Answers to performance-tuning questions depend on circumstances, but I almost always use a 1-second sampling interval when running Performance Monitor. Let's see why I normally use a 1-second interval, then explore if using a higher sampling interval ever makes sense.
You need to consider two fundamental truths when discussing performance tuning. The first is related to the Heisenberg Uncertainty Principle. (My last formal physics class was about 13 years ago, so please excuse the scientific butchering that's about to take place.) The Heisenberg Uncertainty Principle is a rule generally applied to the study of quantum mechanics. In simple terms, the rule says that you can't observe the behavior of something without affecting its behavior. Performance tuning isn't quantum mechanics, but it does conform to this principle in that the simple act of watching the performance of a system affects the system's performance. The impact of watching a system increases as you capture more detailed and thus more helpful information. The trick is to ensure that you understand the impact that you're having and that you make sure the impact is reasonable and isn't excessively skewing your results.
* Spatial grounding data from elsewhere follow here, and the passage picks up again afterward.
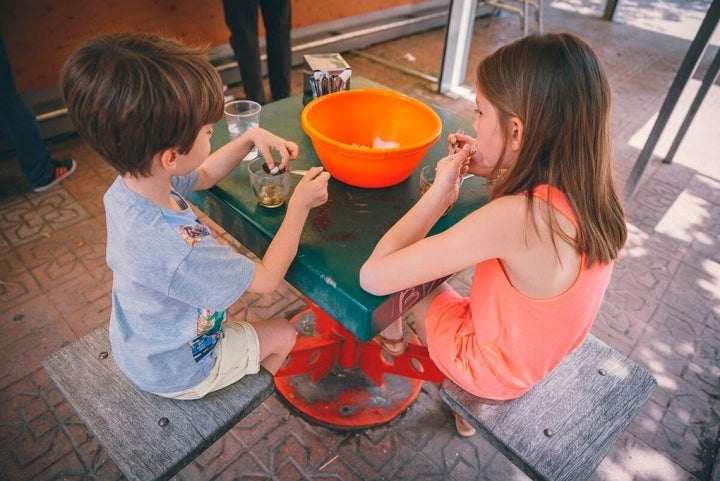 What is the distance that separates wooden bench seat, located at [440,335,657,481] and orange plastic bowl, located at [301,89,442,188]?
2.42 ft

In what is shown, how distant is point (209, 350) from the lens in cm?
142

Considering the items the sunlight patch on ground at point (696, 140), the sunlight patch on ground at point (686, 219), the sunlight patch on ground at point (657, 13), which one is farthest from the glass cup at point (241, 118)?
the sunlight patch on ground at point (657, 13)

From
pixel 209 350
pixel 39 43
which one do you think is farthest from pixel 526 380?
pixel 39 43

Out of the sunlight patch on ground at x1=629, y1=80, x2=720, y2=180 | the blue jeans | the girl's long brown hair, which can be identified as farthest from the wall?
the sunlight patch on ground at x1=629, y1=80, x2=720, y2=180

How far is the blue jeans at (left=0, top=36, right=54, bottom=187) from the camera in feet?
9.59

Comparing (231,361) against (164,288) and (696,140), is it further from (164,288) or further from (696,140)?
(696,140)

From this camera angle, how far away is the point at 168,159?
1205 mm

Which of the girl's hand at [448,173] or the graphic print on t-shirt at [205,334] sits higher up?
the girl's hand at [448,173]

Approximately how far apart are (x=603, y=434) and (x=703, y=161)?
4.05m

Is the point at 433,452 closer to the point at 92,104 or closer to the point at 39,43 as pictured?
the point at 92,104

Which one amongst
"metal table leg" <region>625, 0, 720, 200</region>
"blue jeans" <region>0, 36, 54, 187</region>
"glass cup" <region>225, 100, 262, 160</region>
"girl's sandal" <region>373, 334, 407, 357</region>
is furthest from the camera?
"blue jeans" <region>0, 36, 54, 187</region>

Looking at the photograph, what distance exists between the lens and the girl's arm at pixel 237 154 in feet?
5.05

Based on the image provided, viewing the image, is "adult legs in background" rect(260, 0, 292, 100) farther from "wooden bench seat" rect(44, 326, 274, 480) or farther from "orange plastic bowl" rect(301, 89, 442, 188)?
"wooden bench seat" rect(44, 326, 274, 480)

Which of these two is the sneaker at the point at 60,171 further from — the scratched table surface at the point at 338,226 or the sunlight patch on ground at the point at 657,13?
the sunlight patch on ground at the point at 657,13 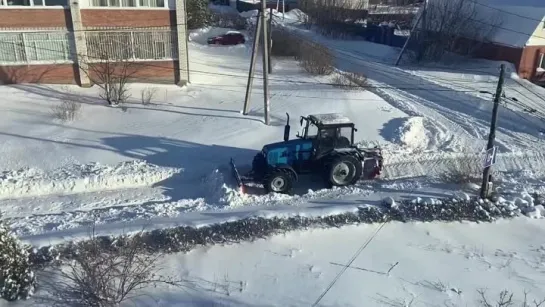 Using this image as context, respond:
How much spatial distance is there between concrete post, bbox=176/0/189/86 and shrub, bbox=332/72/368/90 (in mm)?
7259

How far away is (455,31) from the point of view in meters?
31.5

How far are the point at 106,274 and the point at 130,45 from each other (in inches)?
622

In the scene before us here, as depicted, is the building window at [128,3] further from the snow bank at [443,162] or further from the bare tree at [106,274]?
the bare tree at [106,274]

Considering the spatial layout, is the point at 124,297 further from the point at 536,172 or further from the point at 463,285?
the point at 536,172

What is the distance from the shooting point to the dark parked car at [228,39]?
3681cm

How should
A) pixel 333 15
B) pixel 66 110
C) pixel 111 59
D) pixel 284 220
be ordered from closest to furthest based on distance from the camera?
pixel 284 220 < pixel 66 110 < pixel 111 59 < pixel 333 15

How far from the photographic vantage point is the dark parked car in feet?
121

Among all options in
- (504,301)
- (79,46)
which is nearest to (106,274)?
(504,301)

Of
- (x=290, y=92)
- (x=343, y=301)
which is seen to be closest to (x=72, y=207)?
(x=343, y=301)

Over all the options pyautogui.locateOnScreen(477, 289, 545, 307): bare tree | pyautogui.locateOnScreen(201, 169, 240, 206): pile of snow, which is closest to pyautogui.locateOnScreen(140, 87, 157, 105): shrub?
pyautogui.locateOnScreen(201, 169, 240, 206): pile of snow

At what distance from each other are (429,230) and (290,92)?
12.2 meters

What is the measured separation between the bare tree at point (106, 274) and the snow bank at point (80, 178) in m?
3.75

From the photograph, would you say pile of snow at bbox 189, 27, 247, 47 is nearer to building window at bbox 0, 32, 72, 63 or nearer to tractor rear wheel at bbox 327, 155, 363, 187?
building window at bbox 0, 32, 72, 63

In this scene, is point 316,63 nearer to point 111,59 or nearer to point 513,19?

Setting Performance Monitor's sampling threshold to 1 second will take a heavier toll on the system than using the default, but you'll find that this overhead will rarely have a large impact on the results you're capturing. Performance Monitor isn't a very intrusive application.
The second fundamental truth of performance tuning is that it's hard to fix problems you don't see. If you don't have solid metrics to help you battle the performance gremlin that's been bedeviling your users for weeks, you're in trouble. Unless you have accurate and specific performance numbers to aid in your sleuthing, you're mostly guessing.
If you leave the sampling threshold at 15 seconds, you'll likely miss your system's most interesting and important performance characteristics. Computer systems, especially databases, rarely behave in a predictable linear manner. If you miss some problems during this interval, you won't be able to effectively tune performance, and you'll end up with misleading baseline statistics. Typical systems exhibit a wide range of performance characteristics over a 15-second period.